Provided data Start Marker

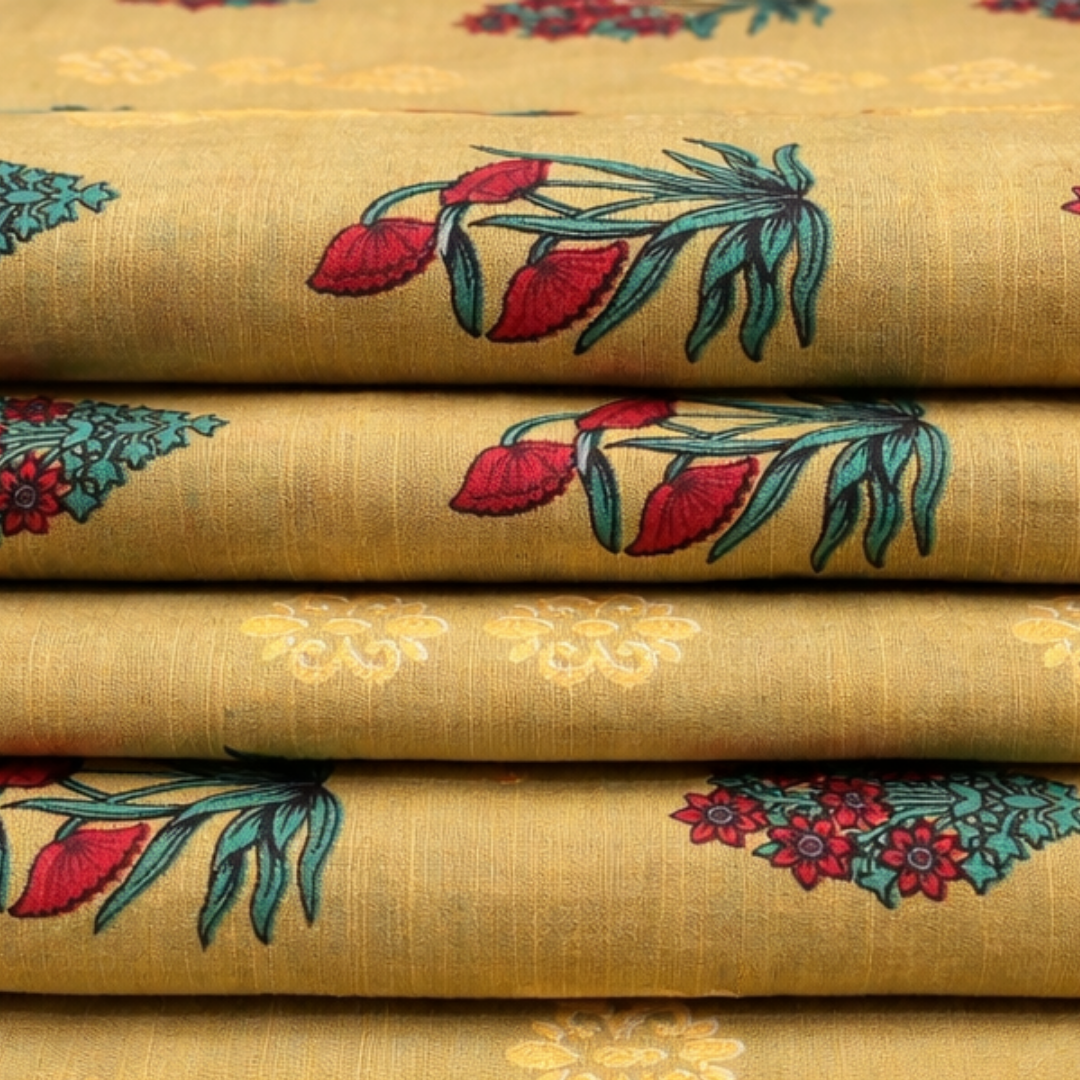 Premium Mustard Floral Printed  2 Pcs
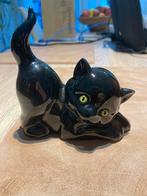 Vintage Zwarte keramische kitten, Ophalen of Verzenden
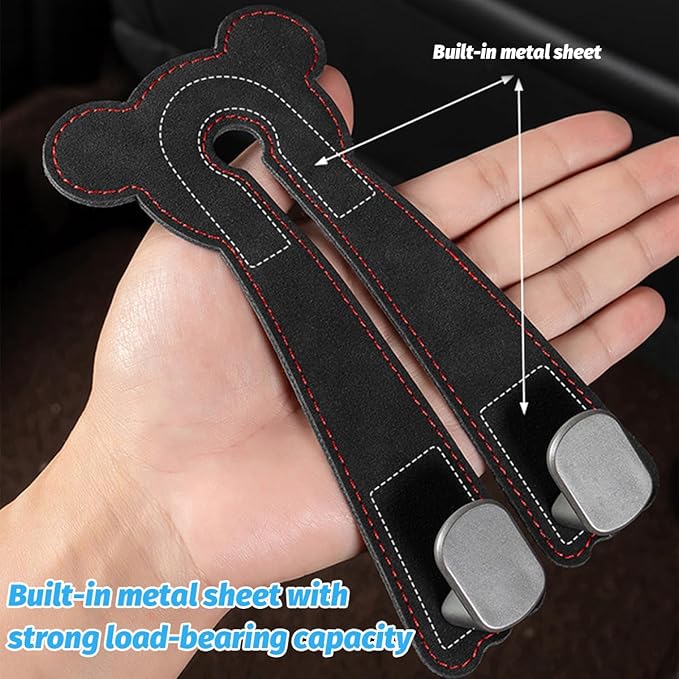 Car Seat Headrest Hook, 2PCS Cute 2 In 1 Vehicle Backseat Hanger Storage Double Hook with Phone Holder, Auto Interior Hanging Organizer Accessories, Universal for SUV Sedan Truck (Black)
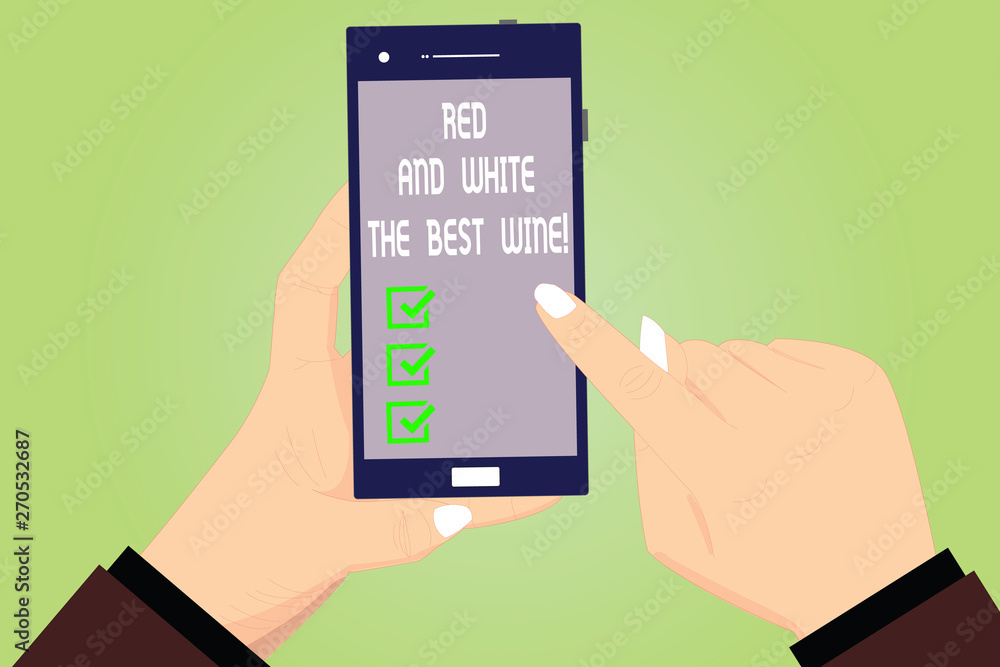 Conceptual hand writing showing Red And White The Best Wine. Business photo text Finest alcohol drinks Winery tasting expert Hu analysis Hands Holding Pointing Smartphone Blank Color Screen Conceptual hand writing showing Red And White The Best Wine. Business photo text Finest alcohol drinks Winery tasting expert Hu analysis Hands Holding Pointing Smartphone Blank Color Screen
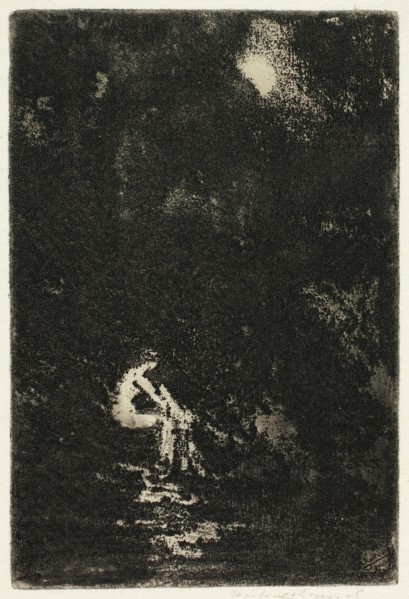 A Nymph Bathing, Moonlight, 1890–1900, Theodore Roussel, French, worked in England, 1847-1926,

Provided data End Marker

§ **Task requirements**: Up to and including the line that contains "Vintage Zwarte keramische", print the records above exactly from their first line, without any pictures.

§ **Completed exercise**:
 Premium Mustard Floral Printed  2 Pcs
 Vintage Zwarte keramische kitten, Ophalen of Verzenden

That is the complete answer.